### Goal of the exercise
Find each line below where the word "with" occurs, and copy it.

### Records supplied
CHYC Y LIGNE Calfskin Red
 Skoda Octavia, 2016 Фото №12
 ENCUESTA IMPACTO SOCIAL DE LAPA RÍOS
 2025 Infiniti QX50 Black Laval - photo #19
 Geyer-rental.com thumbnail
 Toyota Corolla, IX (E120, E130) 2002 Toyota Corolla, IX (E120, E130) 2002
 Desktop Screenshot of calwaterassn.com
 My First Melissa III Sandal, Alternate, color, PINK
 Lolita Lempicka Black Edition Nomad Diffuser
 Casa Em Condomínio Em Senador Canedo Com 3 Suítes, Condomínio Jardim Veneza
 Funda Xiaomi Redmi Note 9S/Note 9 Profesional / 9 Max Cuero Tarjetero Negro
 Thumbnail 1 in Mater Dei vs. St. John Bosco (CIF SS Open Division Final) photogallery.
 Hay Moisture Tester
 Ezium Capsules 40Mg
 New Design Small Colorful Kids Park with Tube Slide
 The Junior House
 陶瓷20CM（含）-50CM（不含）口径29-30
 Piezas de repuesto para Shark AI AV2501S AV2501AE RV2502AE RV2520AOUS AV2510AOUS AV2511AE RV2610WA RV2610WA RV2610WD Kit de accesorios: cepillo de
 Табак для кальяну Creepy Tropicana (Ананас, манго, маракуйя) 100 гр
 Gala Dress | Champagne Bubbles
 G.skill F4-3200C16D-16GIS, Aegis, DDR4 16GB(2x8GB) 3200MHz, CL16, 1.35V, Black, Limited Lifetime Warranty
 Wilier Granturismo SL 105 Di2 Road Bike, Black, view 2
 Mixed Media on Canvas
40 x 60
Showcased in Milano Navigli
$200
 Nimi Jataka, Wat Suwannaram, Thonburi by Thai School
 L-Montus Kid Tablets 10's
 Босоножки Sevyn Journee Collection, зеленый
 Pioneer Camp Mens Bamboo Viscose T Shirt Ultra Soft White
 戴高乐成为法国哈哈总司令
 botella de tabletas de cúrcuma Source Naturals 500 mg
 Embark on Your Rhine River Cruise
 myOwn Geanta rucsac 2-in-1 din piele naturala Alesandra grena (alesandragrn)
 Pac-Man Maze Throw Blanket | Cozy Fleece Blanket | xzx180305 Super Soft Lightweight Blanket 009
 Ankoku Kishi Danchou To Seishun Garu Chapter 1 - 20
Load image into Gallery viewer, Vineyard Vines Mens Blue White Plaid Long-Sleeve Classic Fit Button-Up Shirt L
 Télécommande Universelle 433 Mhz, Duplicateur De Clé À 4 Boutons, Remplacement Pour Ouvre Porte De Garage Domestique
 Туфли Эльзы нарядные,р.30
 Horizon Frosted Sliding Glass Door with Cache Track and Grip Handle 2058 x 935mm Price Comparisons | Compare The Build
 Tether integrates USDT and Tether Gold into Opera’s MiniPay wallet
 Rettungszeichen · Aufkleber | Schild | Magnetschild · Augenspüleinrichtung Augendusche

### Output
 New Design Small Colorful Kids Park with Tube Slide
 Horizon Frosted Sliding Glass Door with Cache Track and Grip Handle 2058 x 935mm Price Comparisons | Compare The Build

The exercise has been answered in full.